Mercredi 30 janvier 2008
Vous l'avez sûrement compris de puis un moment : j'adooooore les bilans de fin d'année, les classements, tout ça. Difficile de faire plus inutile mais moi ça m'éclate. Le pire
étant qu'en regardant en arrière, je me rends compte que je n'ai jamais assez de recul sur l'année écoulée pour faire un classement correct. Par exemple, en 2005, il aurait fallu faire figurer Aerial de Kate Bush en haut de la liste, et en 2006 We share our mother's health de The Knife devrait être en bonne place dans le top des morceaux.

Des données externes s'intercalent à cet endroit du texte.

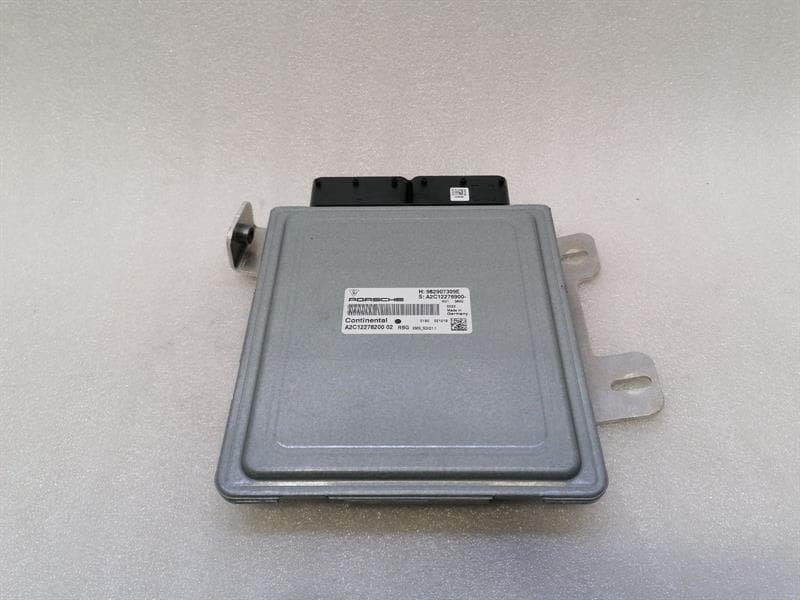 Porsche Boxster 718 Engine ECU 982907309E Engine Control Unit 2.5 GTS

Bref, c'est reparti
cette année pour un top qui sera périmé dans six mois, même pas peur.
Les meilleurs albums :
Les meilleurs albums :
Le #1 est justement une séance de rattrapage de mon classement de l'anée dernière. Knives don't have your back est sorti en septembre 2006 au Canada mais en juin 2007 en France, alors je fais c'que j'veux.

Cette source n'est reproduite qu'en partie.